Sampling is a VERY complicated profiler. It is impossible to describe all it abilities in a short post, so I'll describe only the very basics.
In order to be able to read sampling results, you need to understand, how sampling works. First of all - sampling is a statistical profiler, which means that it results are meaningful only for the most frequently executed code. Each Intel processor has at least one special register - event counter. This counter is configurable - you can specify to the hardware what specific hardware event you want to count and the maximum count value. When processor counts maximum number of event, it generates hardware interrupt, which is handled by VTune driver. VTune driver notifies active process, active thread and next (for Pentium, current for Itanium) instruction to be executed. All this data is written into VTune database, post-processed and presented later to you.

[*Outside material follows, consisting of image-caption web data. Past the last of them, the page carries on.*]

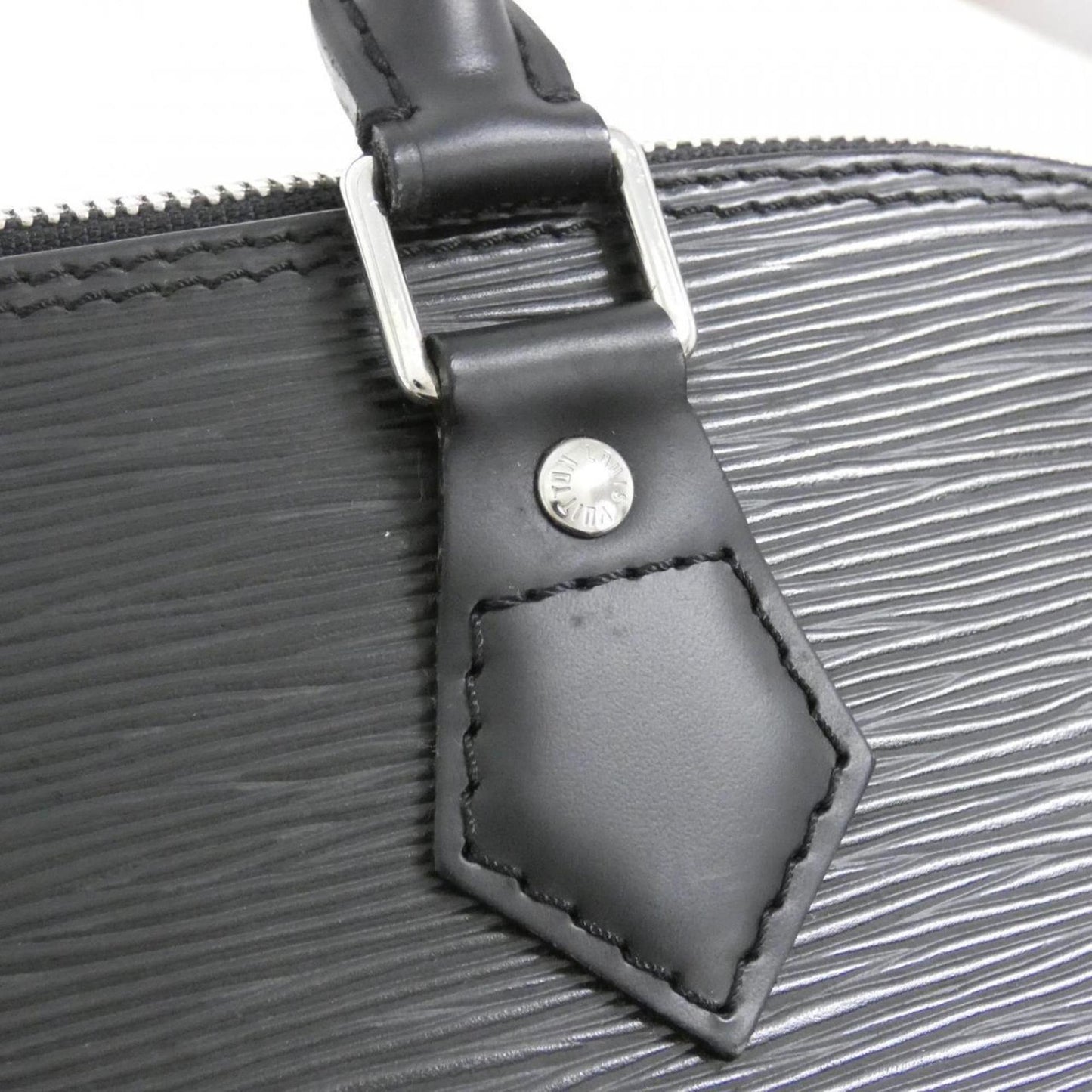 Louis Vuitton Black Leather Alma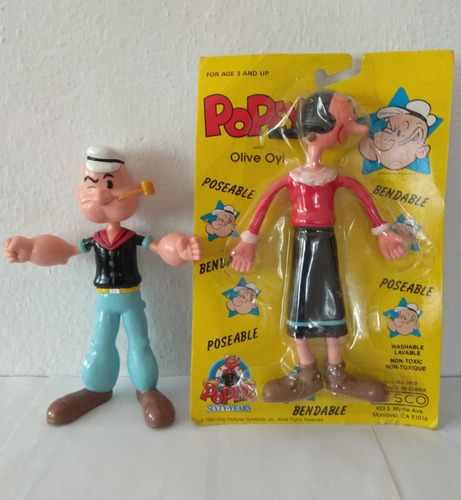 Figuras De Popeye 1988 (Usado)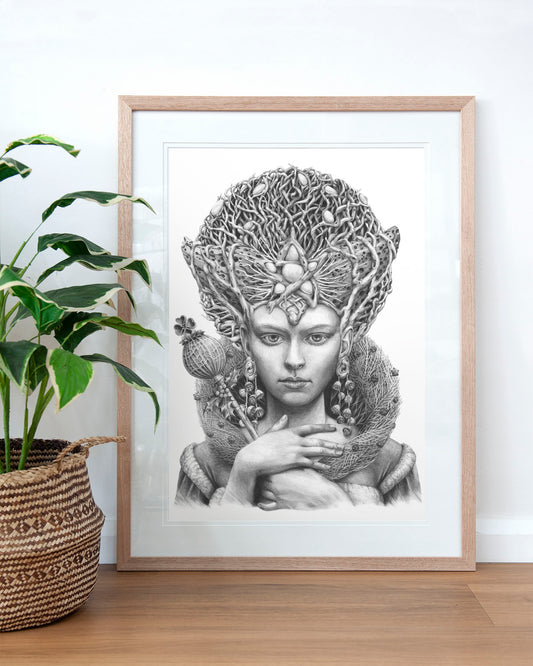 'Christmas Angel' art print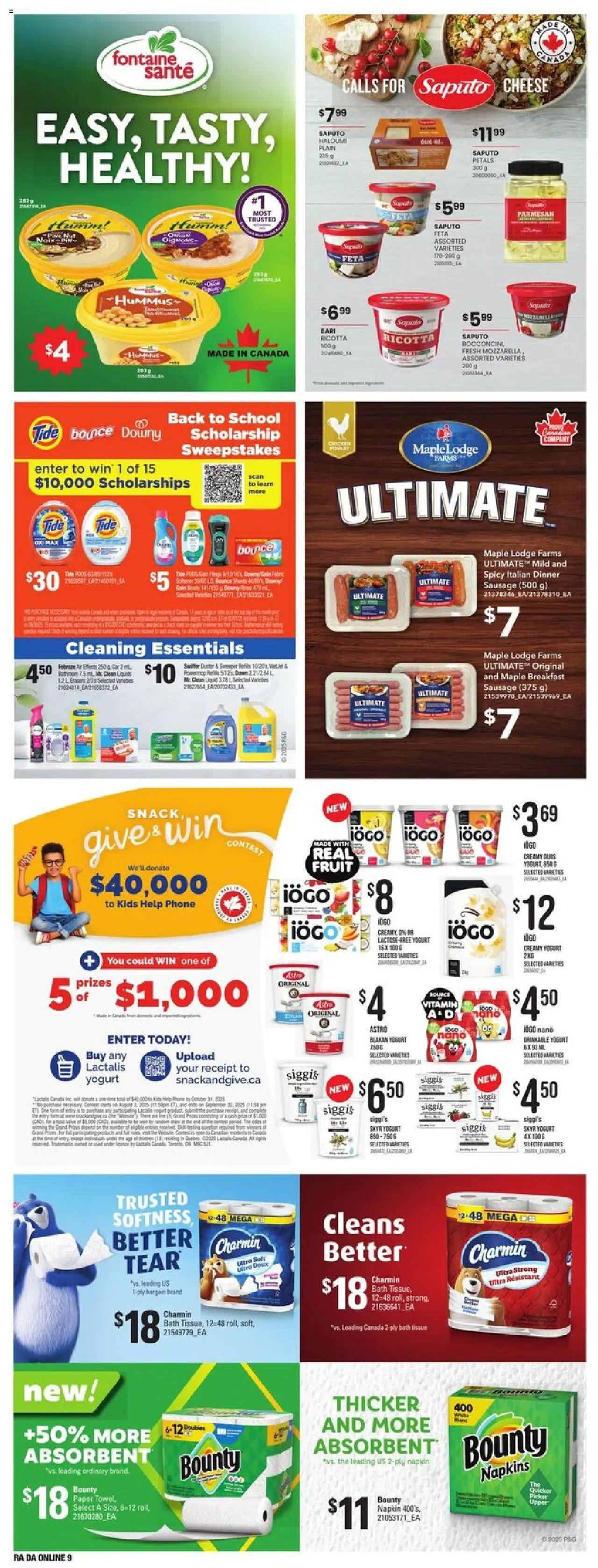 Atlantic Superstore flyer valid from 31.07.2025 | Page: 26 | Products: Phone, Bath, Cheese, Yogurt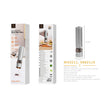 Electric pepper mill, 4 AA batteries (not included), 22.5 cm x 5.2 cm, pistol - MX0211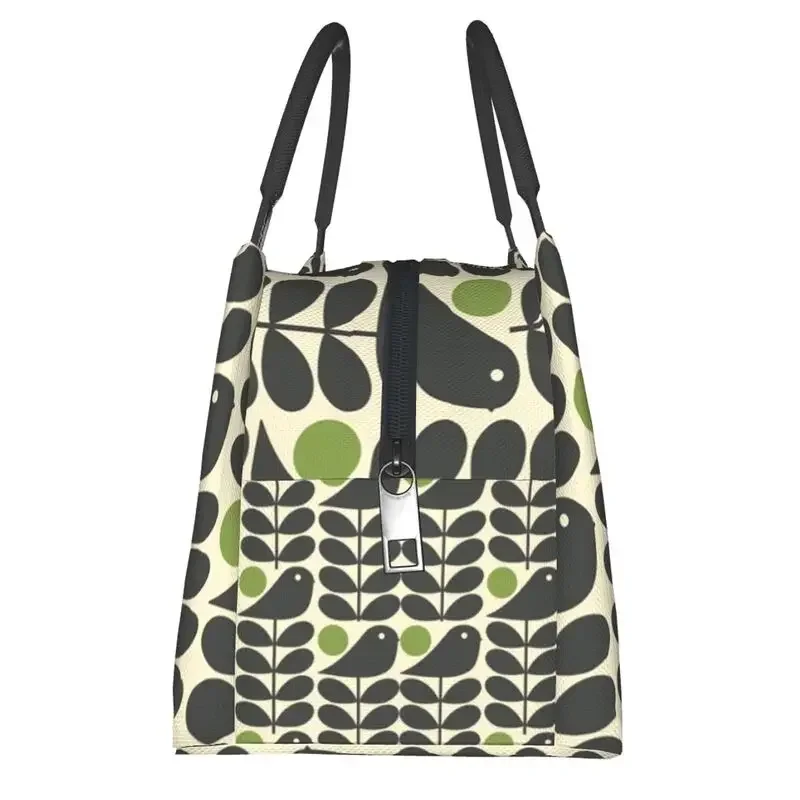 Orla Kiely 멀티스템 조류 단열 도시락 가방, 야외 피크닉 스칸디나비아 꽃, 방수 쿨러, 여성용 보온 박스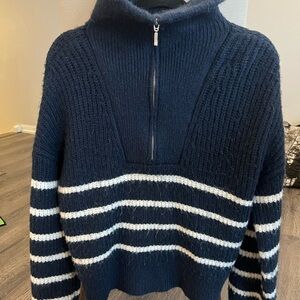 Abercrombie & Fitch Dark Blue Knit Sweater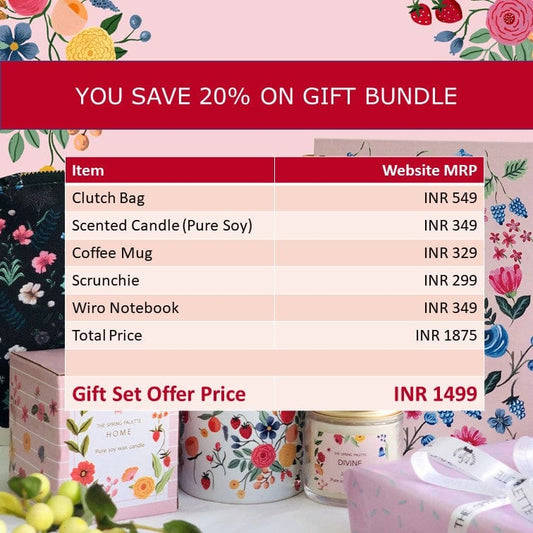 THE SPRING PALETTE Gift Amore Gift Set | Personalized gift hamper for Occasion (Birthday, Anniversary, Farewell)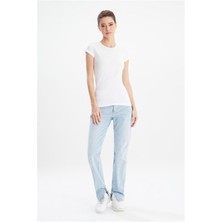 Erdem Beyaz Bisiklet Yaka Tişört 2330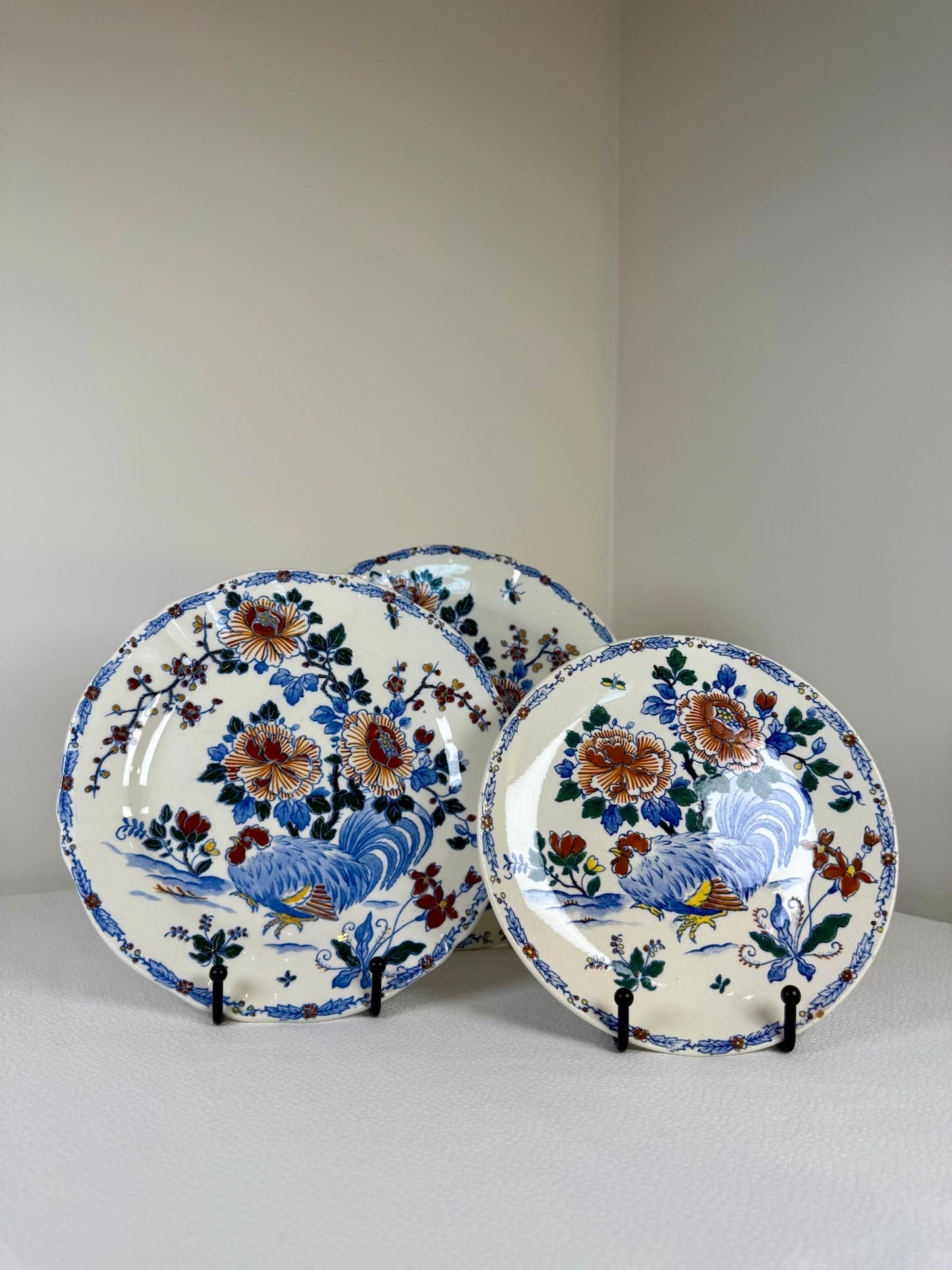 Large French Porcelain Set - Service au Coq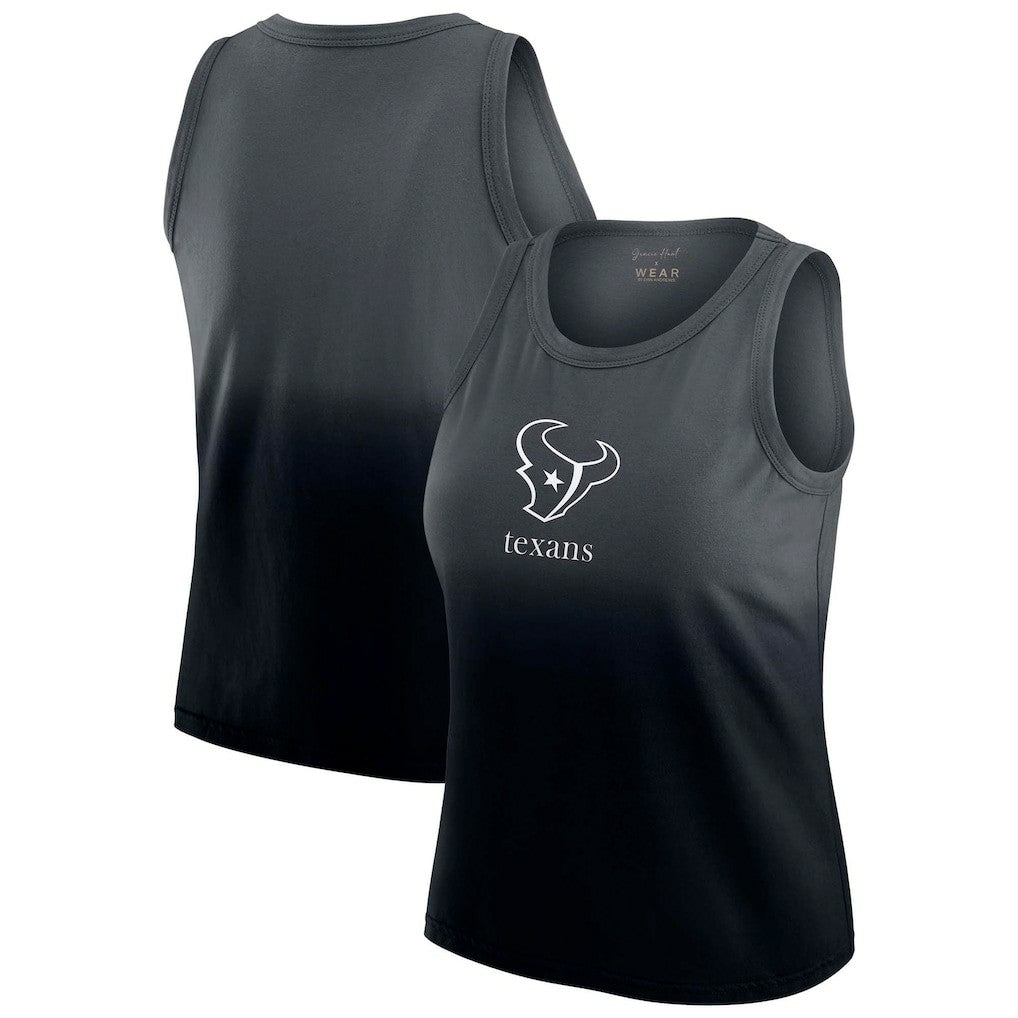 Houston Texans WEAR by Erin Andrews x Gracie Hunt Women's Ombre Tank Top - Navy for sale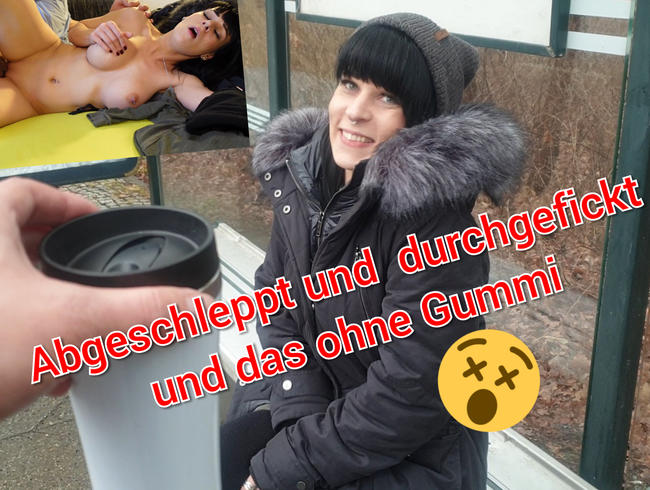 Public abgeschleppt und durchgefickt Heftiger AO Creampie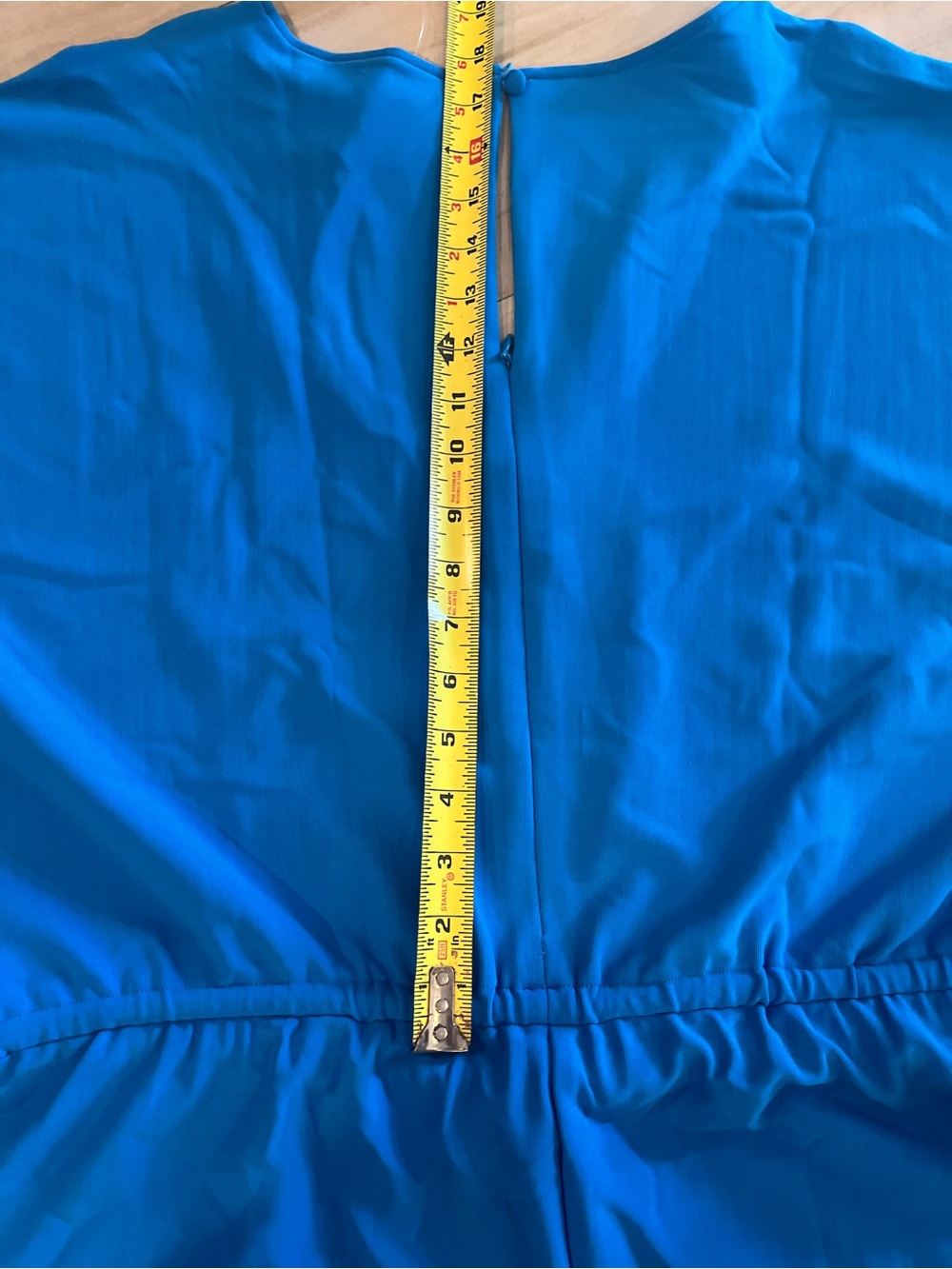 Boston Proper Vibrant Blue Capri Short Sleeve Jumpsuit Size XL NWT - Picture 14 of 16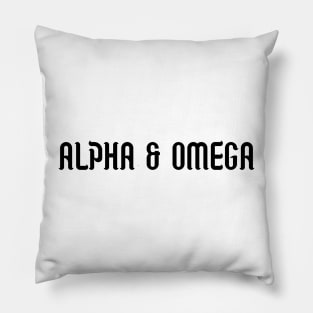 Alpha & Omega Pillow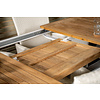 Panama tuinmeubelset tafel 90x152/210cm en 4 stoel Padova wit, naturel.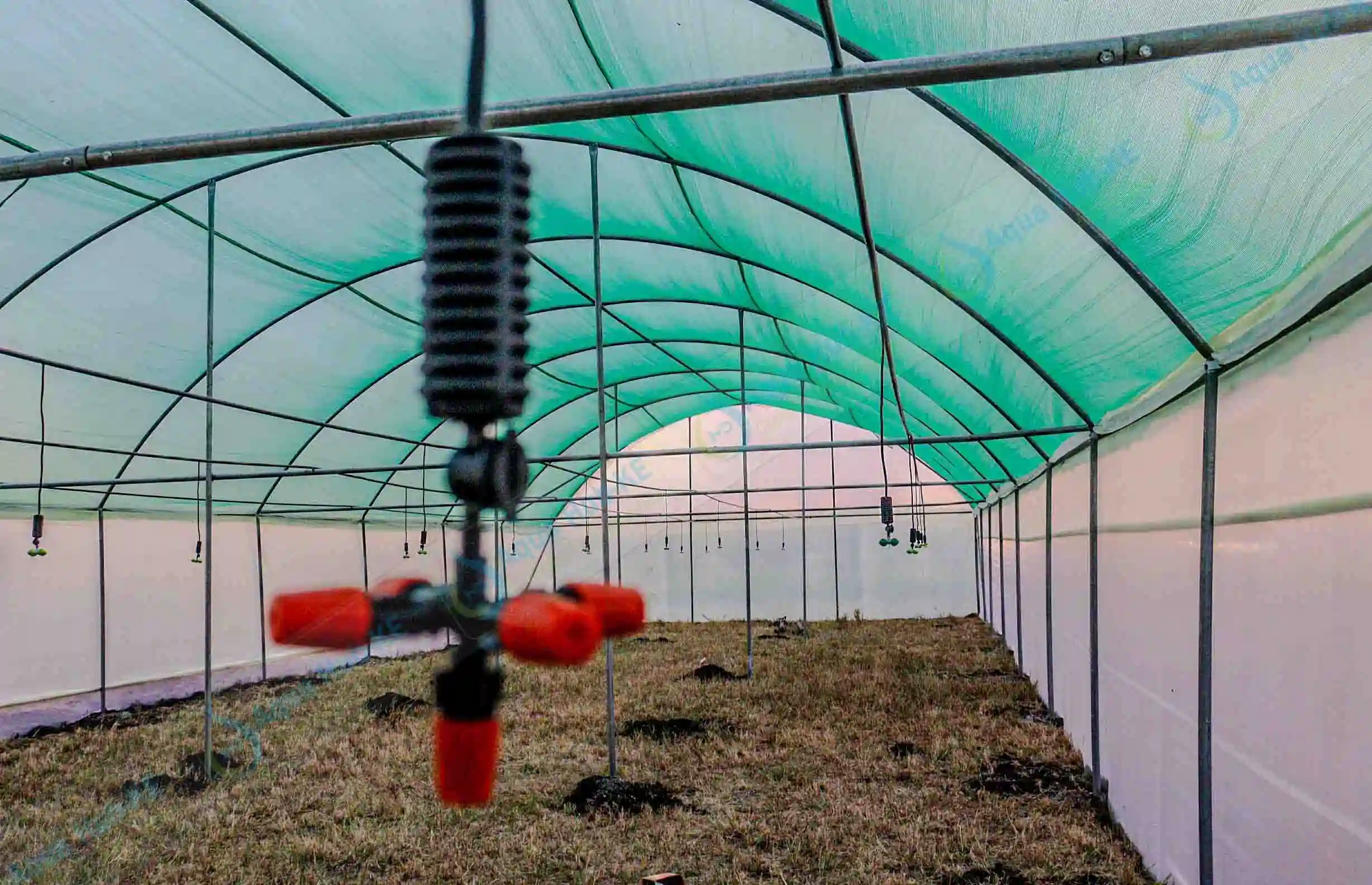 Closup on mister installation in Kenya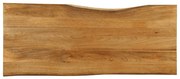 Tampo de mesa c/ borda viva 140x60x2,5 cm mangueira maciça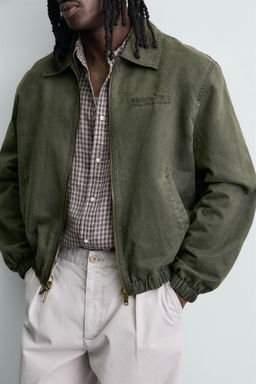 WASHED-EFFECT FAUX SUEDE JACKET - Zara фото 5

You need to understand 2 basic issues: 1. Counters are handled by hardware globally for all processes and even OS itself. 2. Interrupts are generated only after specified number of events occur. This means, that all this number of events are associated with one single instruction, that generated only the last event.
Now let's try to understand, what does this mean for clockticks event. Clockticks event counts time. Most of this events will be associated with the most frequently executed parts of your code. If some instruction caught maximum clockticks, this means that either this instruction itself or other instructions around it are very heavy or executed many times. So, optimizing this single part of code will give you maximal possible performance boost (of course, most times modifying algorithm may give you much higher boost, but we are speaking now about local optimizations only).
What is the most fundamental problem of the sampling ? Sampling gives you only flat results. Ex: let's assume, you have put "printf(....)" in for() loop that executed 10000000 times. This is your "main". Sampling will point to some code inside printf() function itself or, even, inside disk driver. Does this mean, that the problem is in the "C" library of OS ? NO - the problem is in your code - if you will move printf() out of the loop, the problem will disappear. Here is where Call Graph comes - with much more overhead and less accuracy in time values themselves you will get much more data - you will get the control flow graph with call counts.
By the way, you can drag-and-drop data from both Call Graph and Sampling activity results into the Source View window. Each drop will add one or more data column. You can even drag-and-drop Call Graph results into Sampling tables and vise versa - this will allow you to view all relevant data in the same table.
Thanks for your comprehensive explanation! They greatly improve my understanding on the sampling scheme. I also read the help menu, but found it hard to understand. Maybe it's because of my poor English reading ability. :(
I also found this thread too long for others to grasp the key idea. I will try to focus on one topic in one thread in the future.